Antibiotics enter waterways through wastewater systems, pharmaceutical manufacturing discharge, healthcare facilities, and human waste. Once in the environment, these drugs put survival pressure on bacteria living in water, pushing them to develop resistance. The resistant bacteria then share their genetic material with other bacteria in wastewater and surface water, creating new resistant strains that can infect people and animals in surrounding communities. This is one of the less visible but most consequential effects of water pollution: it accelerates the global crisis of antibiotic resistance, making common infections harder to treat.

Who Is Most at Risk

Water pollution does not affect everyone equally. Minority and low-income communities in the United States are more likely to live in areas with water contaminants, whether from rural agricultural pollution or older urban housing with lead pipes. Nearly one in two American adults and one in four children don’t drink tap water on a given day, and those numbers are worse among minority and low-income populations, often because they don’t trust the quality of what comes out of their faucet.
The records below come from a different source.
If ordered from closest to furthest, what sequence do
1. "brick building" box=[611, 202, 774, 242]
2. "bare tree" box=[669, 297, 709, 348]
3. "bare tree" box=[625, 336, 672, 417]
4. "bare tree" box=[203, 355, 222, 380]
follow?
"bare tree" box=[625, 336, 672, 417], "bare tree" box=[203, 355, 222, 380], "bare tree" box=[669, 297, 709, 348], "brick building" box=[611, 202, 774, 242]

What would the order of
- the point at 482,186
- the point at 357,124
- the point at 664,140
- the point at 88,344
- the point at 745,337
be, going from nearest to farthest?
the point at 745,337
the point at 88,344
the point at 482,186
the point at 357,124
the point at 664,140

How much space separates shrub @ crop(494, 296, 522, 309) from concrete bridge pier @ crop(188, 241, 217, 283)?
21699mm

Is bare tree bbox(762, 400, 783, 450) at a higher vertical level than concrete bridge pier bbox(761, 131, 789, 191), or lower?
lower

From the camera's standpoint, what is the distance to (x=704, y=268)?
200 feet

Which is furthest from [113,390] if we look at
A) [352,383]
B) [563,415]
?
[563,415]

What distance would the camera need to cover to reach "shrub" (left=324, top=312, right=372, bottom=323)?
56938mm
Children are biologically more vulnerable than adults. They drink more water relative to their body weight, their organs are still developing, and their bodies are less efficient at clearing toxins. Lead exposure that might cause kidney problems or high blood pressure in an adult can cause developmental delays and learning disabilities in a child. Prenatal exposure to PFAS and other contaminants can shape a child’s immune and endocrine health before they’re even born.

Inadequate hydration is itself a health disparity. Research has found that nearly one third of U.S. adults are inadequately hydrated, with African Americans, Hispanics, and people with lower incomes at significantly higher risk. When people avoid their tap water because of real or perceived contamination, they may substitute sugary drinks or simply drink less, compounding the health effects of the pollution itself.